HOUSTON, May 18, 2017 (GLOBE NEWSWIRE) -- Noble Energy, Inc. (NYSE:NBL) (“Noble Energy” or “the Company”) today
announced that it has signed a definitive agreement to divest the holding company which owns a 50 percent interest in CONE
Gathering, LLC (“CONE Gathering”) and 21.7 million common and subordinated limited partnership units to a portfolio company of
Quantum Energy Partners (“Quantum”) for total cash consideration of $765 million. The limited partnership units represent a 33.5
percent ownership interest in CONE Midstream Partners LP (NYSE:CNNX) (“CONE Midstream”). CONE Gathering owns the general partner of
CONE Midstream.
David L. Stover, Noble Energy’s Chairman, President and CEO, commented “CNNX has performed exceptionally well
since its IPO in late 2014, exceeding forecasts despite a challenging macro-economic backdrop. Including this transaction, Noble
Energy will realize more than $1 billion in total value from our Marcellus midstream business, which represents approximately three
times our net invested capital. Going forward, our midstream efforts are focused on Noble Midstream Partners, supporting our DJ
Basin and Delaware Basin growth areas.”
Dheeraj Verma, President of Quantum Energy Partners, said “Quantum is excited to once again work with Noble
Energy on a substantial acquisition. This transaction follows the recently announced sale of Noble Energy’s upstream Appalachia
assets to a separate portfolio company of Quantum. We have a strong track record of sponsoring and growing both upstream and
midstream companies across the Appalachian Basin and we look forward to partnering with CONSOL Energy Inc. in continuing the
success of CONE Midstream.”
Noble Energy’s cumulative 2017 divestiture proceeds total approximately $2 billion, with the amount primarily
representing an exit of the Company’s Appalachia upstream and midstream businesses. Proceeds announced year-to-date are being
utilized to cover the cash costs associated with the Clayton Williams Energy acquisition, to further strengthen the balance sheet
through debt reduction, and to provide additional financial capacity and flexibility to support the Company’s U.S. onshore oil
development.
Closing of the transaction is anticipated in the third quarter this year, subject to customary closing
conditions and adjustments. BofA Merrill Lynch acted as the sole financial advisor to Noble Energy on the CONE Midstream
transaction and Vinson & Elkins LLP served as legal counsel.
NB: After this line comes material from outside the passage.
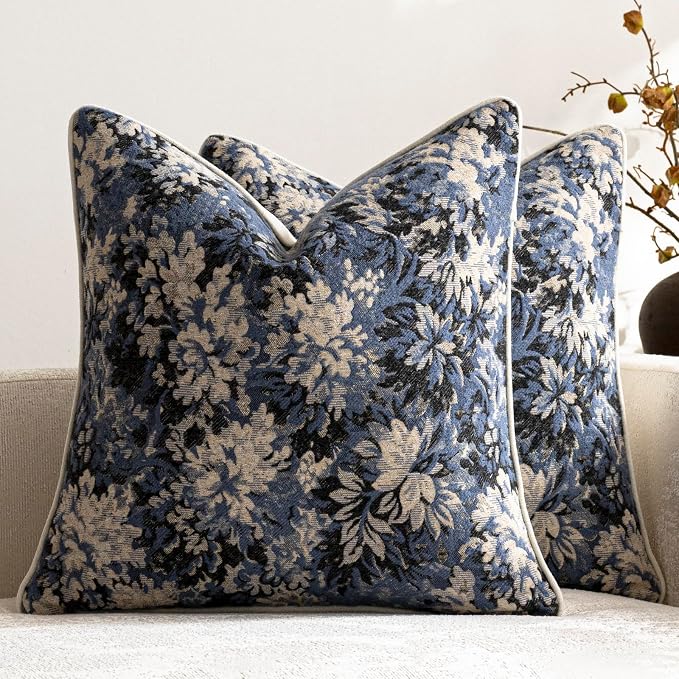 Pack of 2 Vintage Floral Throw Pillow Covers 16x16 Boho Farmhouse Accents Chenille Square Decorative Pillow Cases for Living Room Couch Bed Home Decor, Dusty Blue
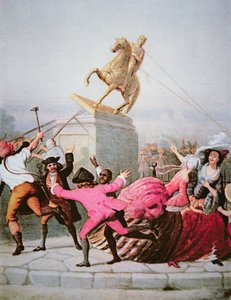 Newyorští vlastenci strhávají sochu Jiřího III. v Bowling Green, 9. července 1776.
Noble Energy (NYSE:NBL) is an independent oil and natural gas exploration and production
company with a diversified high-quality portfolio of both U.S. unconventional and global offshore conventional assets spanning
three continents. Founded more than 80 years ago, the company is committed to safely and responsibly delivering our purpose:
Energizing the World, Bettering People’s Lives®. For more information, visit http://www.nblenergy.com.
Forward Looking Statements
This news release contains certain “forward-looking statements” within the meaning of
federal securities law. Words such as “anticipates”,
“believes”, “expects”,
“intends”, “will”,
“should”, “may”, and similar expressions may be used to identify
forward-looking statements. Forward-looking statements are not statements of historical fact and reflect Noble
Energy’s current views about future events. They may include estimates of oil and natural gas reserves,
estimates of future production, assumptions regarding future oil and natural gas pricing, planned drilling activity, future results
of operations, projected cash flow and liquidity, business strategy and other plans and objectives for future operations. No
assurances can be given that the forward-looking statements contained in this news release will occur as projected and actual
results may differ materially from those projected. Forward-looking statements are based on current expectations, estimates
and assumptions that involve a number of risks and uncertainties that could cause actual results to differ materially from those
projected. These risks include, without limitation, the volatility in commodity prices for crude oil and natural gas, the
presence or recoverability of estimated reserves, the ability to replace reserves, environmental risks, drilling and operating
risks, exploration and development risks, competition, government regulation, third-party litigation or other actions, the ability
of management to execute its plans to meet its goals and other risks inherent in Noble Energy’s business that are
discussed in its most recent annual report on Form 10-K and in other reports on file with the Securities and Exchange Commission.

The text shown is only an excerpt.